The ethylamine (\(\mathrm{C}_{2} \mathrm{H}_{5} \mathrm{NH}_{2}\)) reacts with water, as it is a weak base: \[ \mathrm{C}_{2} \mathrm{H}_{5} \mathrm{NH}_{2} \left(\mathrm{aq}\right) + \mathrm{H}_{2}\mathrm{O} \left(\mathrm{l}\right) \rightleftarrows\mathrm{C}_{2} \mathrm{H}_{5} \mathrm{NH}_{3}^{+} \left(\mathrm{aq}\right) + \mathrm{OH}^{-} \left(\mathrm{aq}\right). \]

Using given \(K_{b}=6.4 \times 10^{-4}\) and initial concentrations, we can create a table to determine the equilibrium concentrations.
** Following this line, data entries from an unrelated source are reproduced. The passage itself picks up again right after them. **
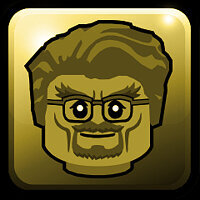 Трофей {trophy} у грі LEGO Marvel's Avengers для PS3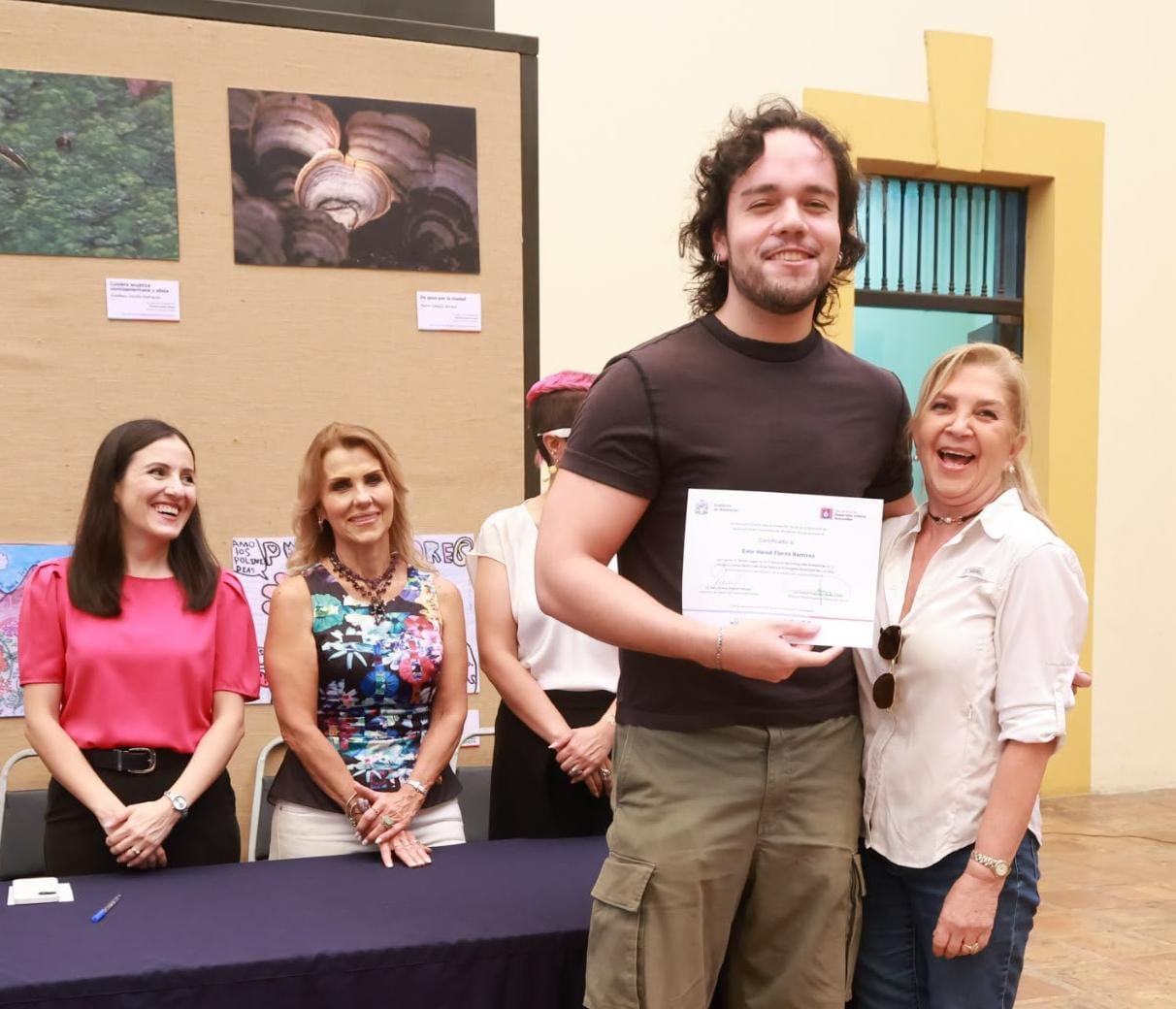 Promueve Monterrey la cultura ambiental con la Feria MTY Sostenible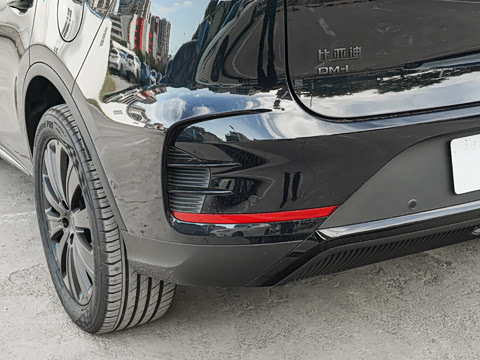 2025�� �Ǽݰ� DM-i 175KM �����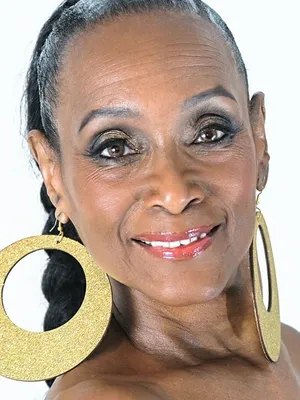 Trina Parks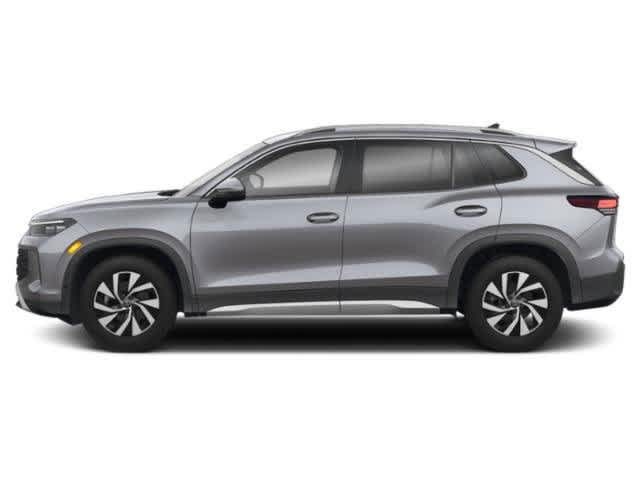 2025 Volkswagen Tiguan S Wellesley MA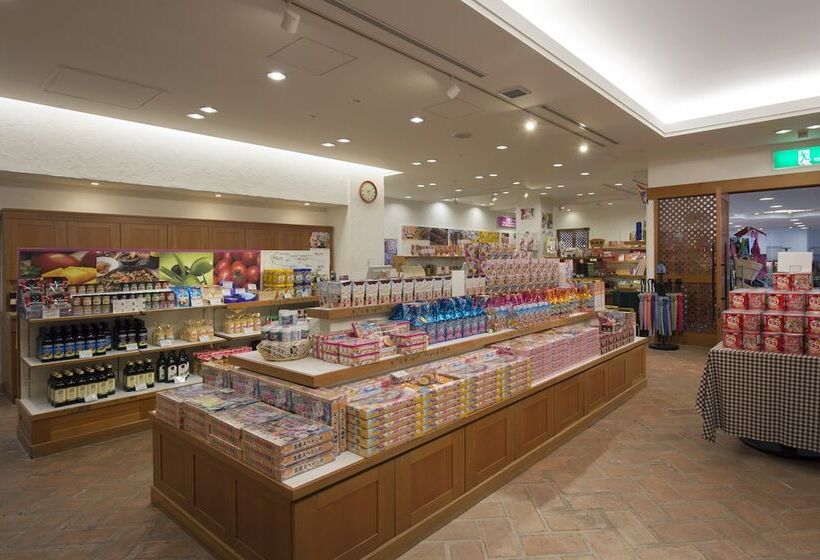 ホテル Shima Spain Mura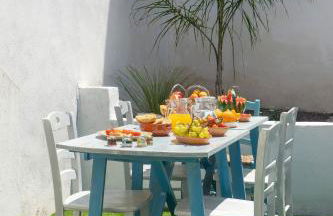 Villa Franitu - Corsano - Foto 4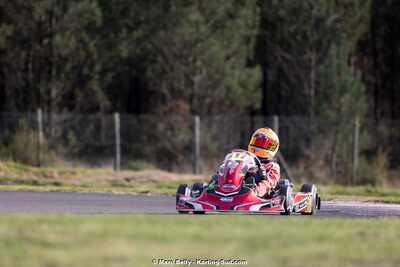 16/11/2025 : 7ème manche de l’Atlantic Trophée à Escource (photos Marc Belly) 2025 — karting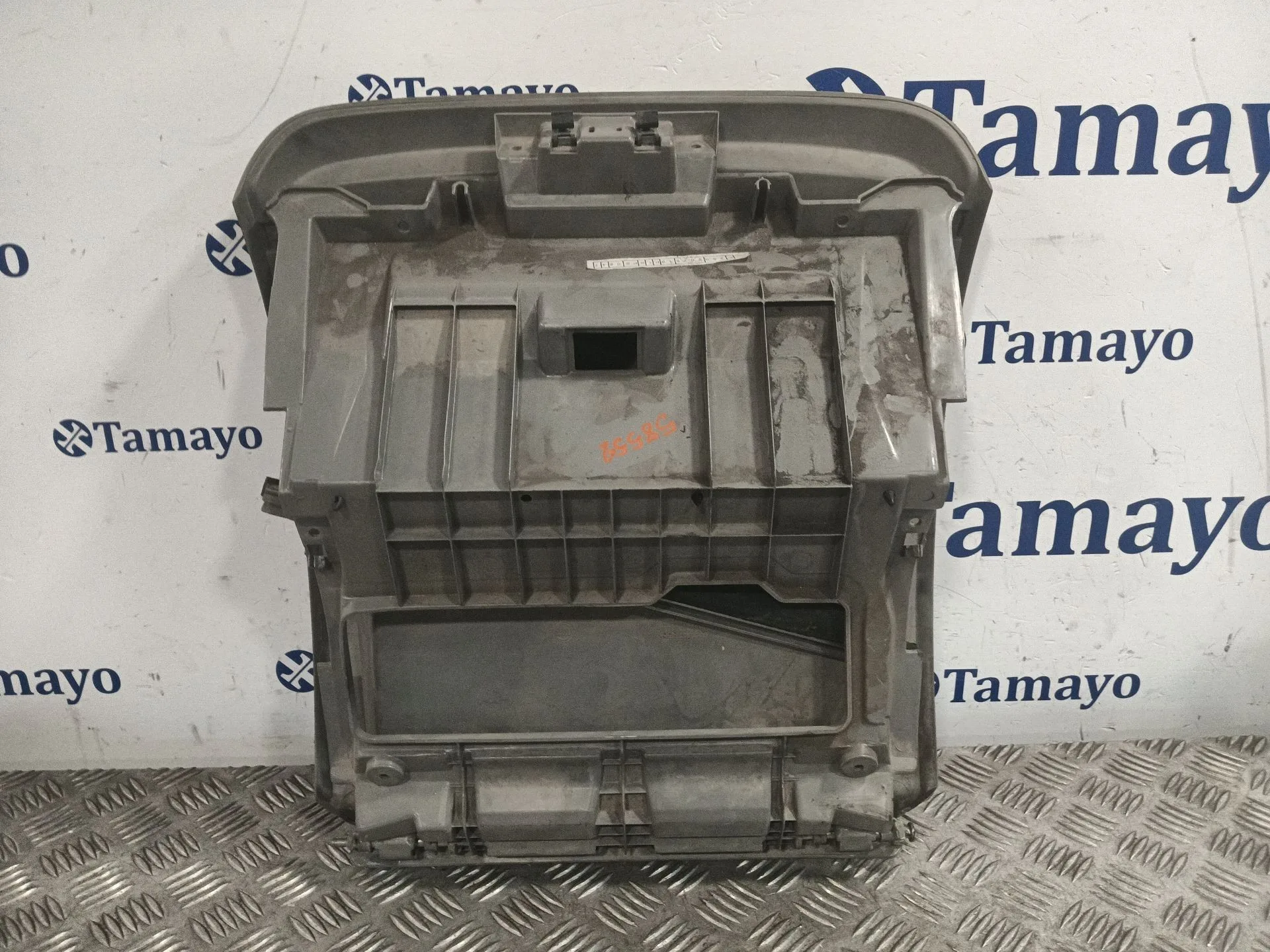 Guantera para Peugeot Boxer Furgon Techo Elevado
Let \(x\) be the concentration of \(\mathrm{OH}^{-}\) at equilibrium. Initial concentrations (M): Ethylamine: \(0.050\ \mathrm{M}\) Ethylammonium ion: \(0\ \mathrm{M}\) Hydroxide ion: \(0\ \mathrm{M}\) Changes (M): Ethylamine: \(-x\) Ethylammonium ion: \(+x\) Hydroxide ion: \(+x\) Equilibrium concentrations (M): Ethylamine: \((0.050-x)\ \mathrm{M}\) Ethylammonium ion: \(x\ \mathrm{M}\) Hydroxide ion: \(x\ \mathrm{M}\) Thus, the equilibrium expression for this reaction is: \[ K_b = \frac{\left[\mathrm{C}_{2} \mathrm{H}_{5} \mathrm{NH}_{3}^{+}\right] \left[\mathrm{OH}^{-}\right]}{\left[\mathrm{C}_{2} \mathrm{H}_{5} \mathrm{NH}_{2}\right]}. \] Substituting the equilibrium concentrations: \[ 6.4 \times 10^{-4} = \frac{x \cdot x}{0.050 - x}. \]
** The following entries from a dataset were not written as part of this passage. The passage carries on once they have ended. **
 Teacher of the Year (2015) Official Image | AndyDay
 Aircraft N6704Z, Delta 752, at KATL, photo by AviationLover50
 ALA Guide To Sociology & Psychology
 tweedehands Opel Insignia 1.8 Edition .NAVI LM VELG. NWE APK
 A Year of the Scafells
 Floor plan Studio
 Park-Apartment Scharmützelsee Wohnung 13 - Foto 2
Assuming \(x << 0.050\), we can approximate the denominator to simply \(0.050\). Solving for x: \[ 6.4 \times 10^{-4} = \frac{x^2}{0.050} \Rightarrow x^2 = 6.4 \times 10^{-4} \times 0.050 \Rightarrow x = \sqrt{6.4\times 10^{-4}\times 0.050} = 1.8\times 10^{-2}. \] Thus, the concentration of \(\mathrm{OH}^{-}\) ions at equilibrium is \(1.8\times 10^{-2}\ \mathrm{M}\).
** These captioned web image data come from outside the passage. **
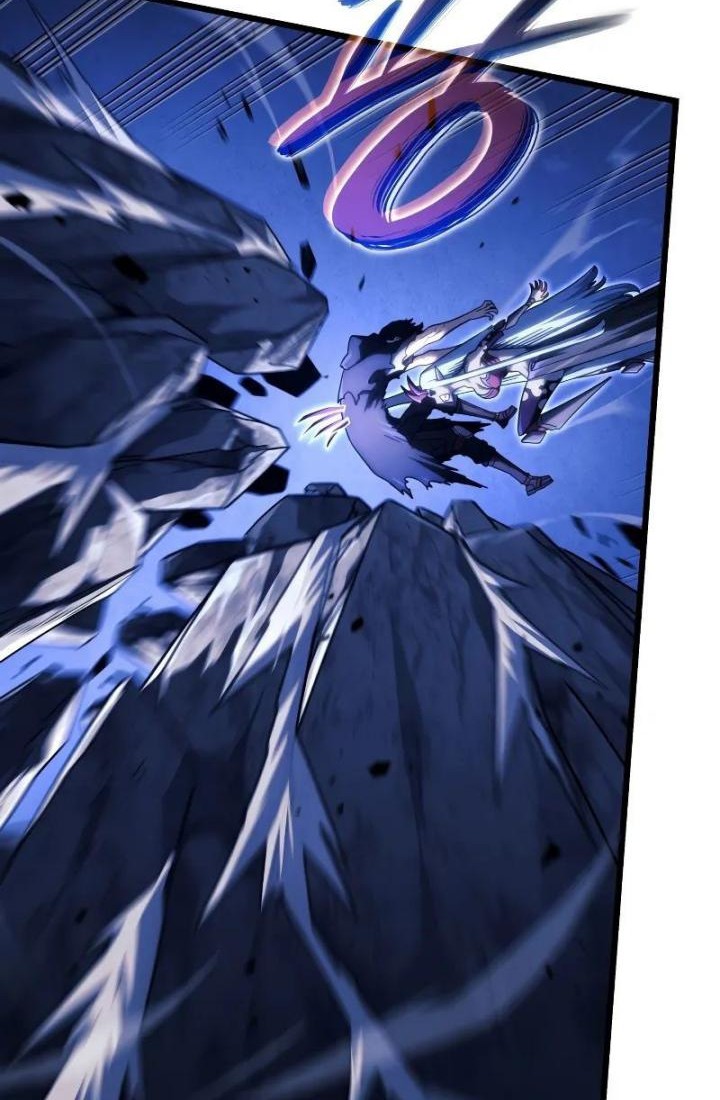 Revenge of the Iron-Blooded Sword Hound Chapter 107 Gambar 55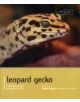 Leopard Gecko - Pet Expert - 9781907337178-thumb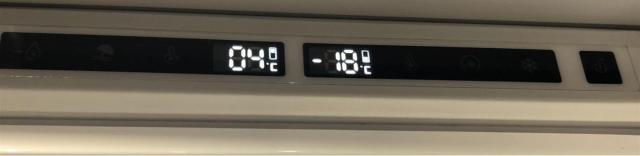 单个嵌入式冰箱加台下嵌入式冰箱,嵌入式冰箱和正常冰箱尺寸哪个大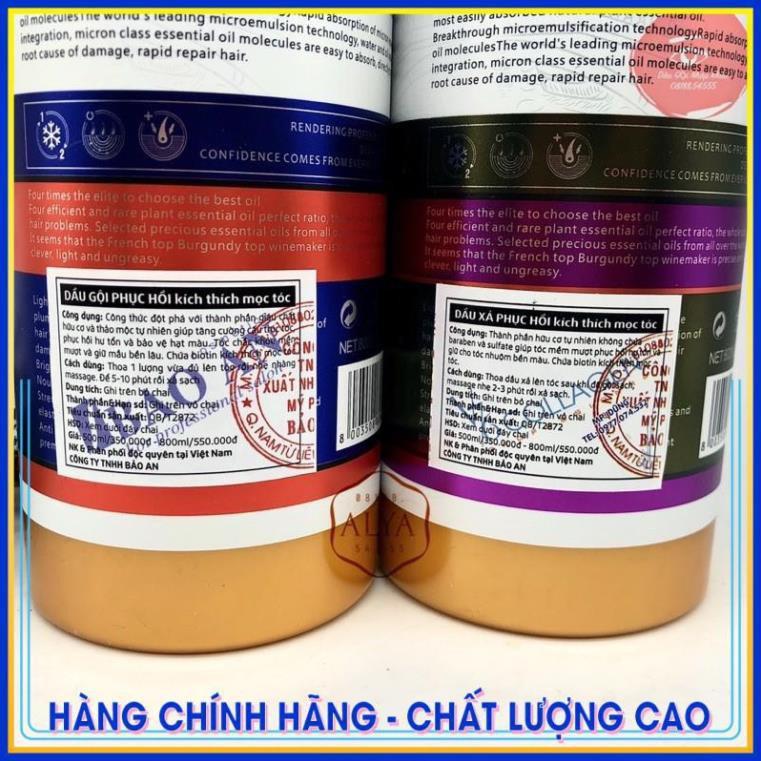 Tần suất nên sử dụng dầu gội là bao nhiêu lần một tuần?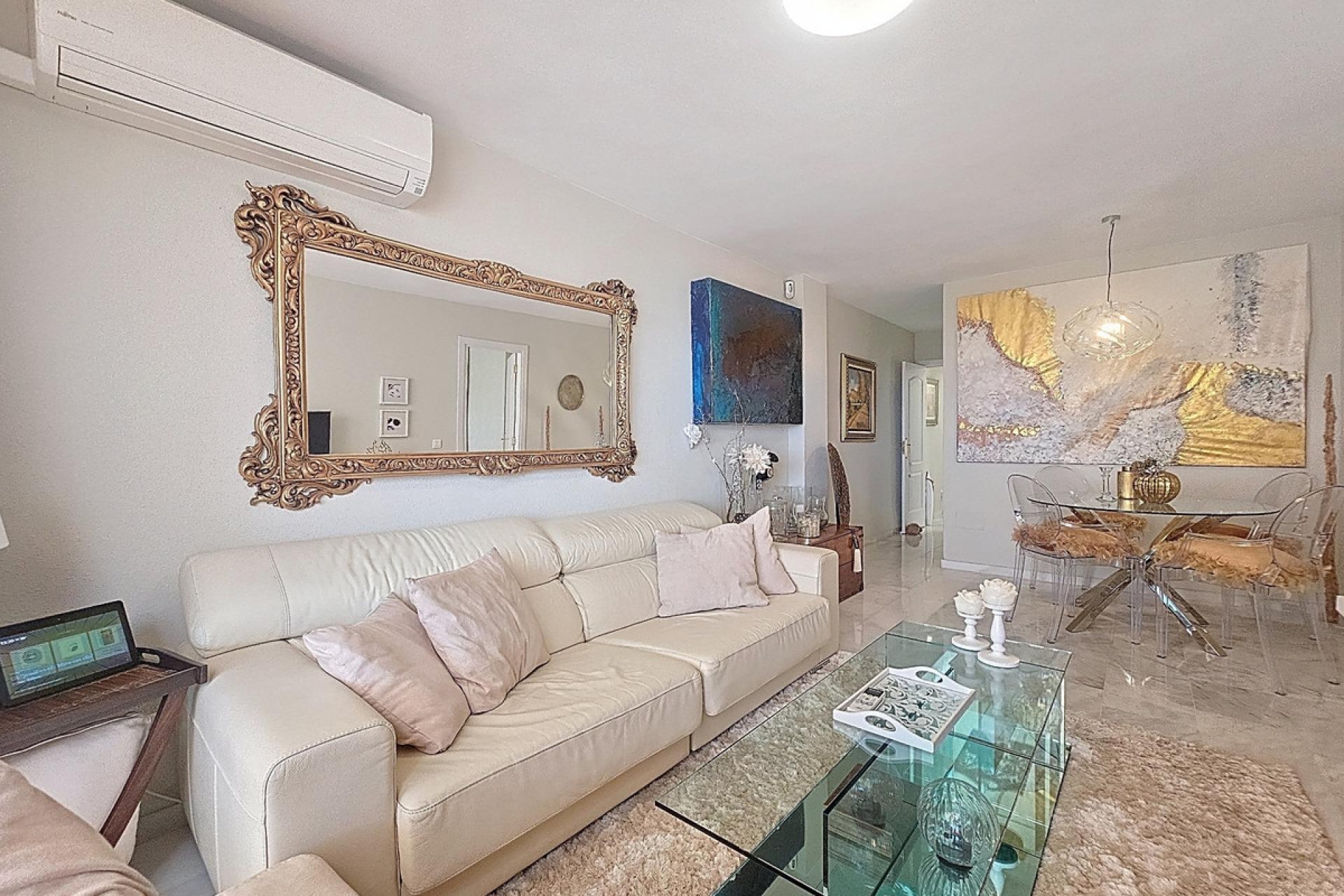 Reventa - Apartment - Penthouse - Casares - Casares Centro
Now that we have the concentration of \(\mathrm{OH}^{-}\) ions, we can calculate the \(\mathrm{pOH}\), and subsequently, the \(\mathrm{pH}\) of the solution. Formula for \(\mathrm{pOH}\) and \(\mathrm{pH}\): \[ \mathrm{pOH}=-\log_{10}\left[\mathrm{OH}^{-}\right], \] \[ \mathrm{pH} = 14 - \mathrm{pOH}. \] So, the \(\mathrm{pOH}\) is: \[ \mathrm{pOH} = -\log_{10}\left(1.8 \times 10^{-2}\right) = 1.74. \] And the \(\mathrm{pH}\) is: \[ \mathrm{pH} = 14 - 1.74 = 12.26. \] Thus, the \(\mathrm{pH}\) of the solution is \(12.26\).